Namun, jika peningkatan jumlah uang beredar tidak didukung oleh pertumbuhan ekonomi yang diukur dengan produk domestik bruto (PDB), hasilnya dapat menyebabkan hiperinflasi. Jika PDB, yang merupakan ukuran produksi barang dan jasa dalam perekonomian, tidak tumbuh, bisnis menaikkan harga untuk meningkatkan laba dan tetap bertahan. Karena konsumen memiliki lebih banyak uang, mereka membayar harga yang lebih tinggi, yang mengarah pada inflasi. Ketika ekonomi semakin memburuk, perusahaan membebankan biaya lebih banyak, konsumen membayar lebih, dan bank sentral mencetak lebih banyak uang — yang mengarah ke lingkaran setan dan hiperinflasi.
Kehilangan Keyakinan
Di masa perang, hiperinflasi sering terjadi ketika ada kehilangan kepercayaan pada mata uang suatu negara dan kemampuan bank sentral untuk mempertahankan nilai mata uangnya setelahnya. Perusahaan yang menjual barang di dalam dan di luar negeri menuntut premi risiko untuk menerima mata uang mereka dengan menaikkan harga. Hasilnya dapat menyebabkan kenaikan harga eksponensial atau hiperinflasi.
Jika pemerintah tidak dikelola dengan baik, warga negara juga dapat kehilangan kepercayaan pada nilai mata uang negara mereka. Ketika mata uang dianggap memiliki sedikit atau tidak ada nilai, orang mulai menimbun komoditas dan barang yang memiliki nilai. Ketika harga mulai naik, barang-barang pokok — seperti makanan dan bahan bakar — menjadi langka, mengirimkan harga dalam spiral ke atas. Sebagai tanggapan, pemerintah dipaksa untuk mencetak lebih banyak uang untuk mencoba menstabilkan harga dan menyediakan likuiditas, yang hanya memperburuk masalah.

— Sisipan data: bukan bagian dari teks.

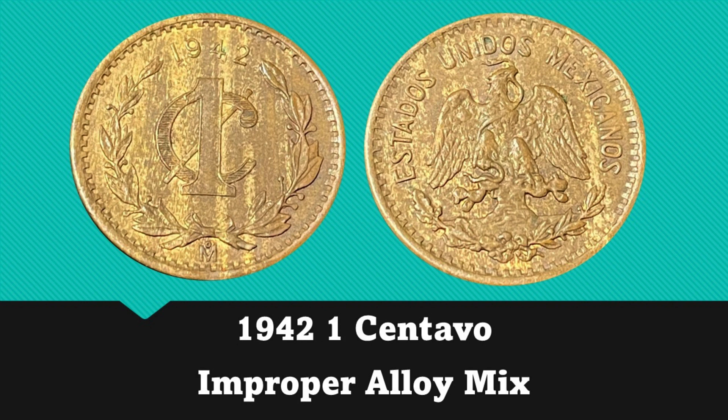The second coin is another 1 centavo but this one is dated 1942. As you can see, this one also has an improper alloy mixture. There are some more minor streaks of wood grain on the obverse and then some larger streaks on the reverse.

Seringkali, kurangnya kepercayaan tercermin dalam arus keluar investasi meninggalkan negara selama masa gejolak ekonomi dan perang. Ketika arus keluar ini terjadi, nilai mata uang negara tersebut terdepresiasi karena investor menjual investasi negara mereka dengan imbalan investasi negara lain. Bank sentral akan sering memberlakukan kontrol modal, yang dilarang memindahkan uang ke luar negeri.
Contoh Hyperinflasi
Salah satu episode hiperinflasi yang lebih parah dan berkepanjangan terjadi di bekas Yugoslavia pada 1990-an. Di ambang pembubaran nasional, negara itu telah mengalami inflasi pada tingkat yang melebihi 75% setiap tahun. Ditemukan bahwa pemimpin provinsi Serbia saat itu, Slobodan Milosevic, telah menjarah perbendaharaan nasional dengan meminta bank sentral Serbia mengeluarkan $ 1, 4 miliar pinjaman kepada kroninya.
Pencurian memaksa bank sentral pemerintah untuk mencetak uang dalam jumlah berlebih sehingga bisa mengurus kewajiban keuangannya. Hiperinflasi dengan cepat menyelimuti perekonomian, menghapus apa yang tersisa dari kekayaan negara, memaksa orang-orangnya untuk bertukar barang. Tingkat inflasi hampir dua kali lipat setiap hari sampai mencapai tingkat yang tak terduga sebesar 300 juta persen per bulan. Bank sentral terpaksa mencetak lebih banyak uang hanya untuk menjaga agar pemerintah tetap berjalan ketika ekonomi berputar turun.
Pemerintah dengan cepat mengambil kendali produksi dan upah, yang menyebabkan kekurangan pangan. Penghasilan turun lebih dari 50%, dan produksi merangkak berhenti. Akhirnya, pemerintah mengganti mata uangnya dengan tanda Jerman, yang membantu menstabilkan perekonomian.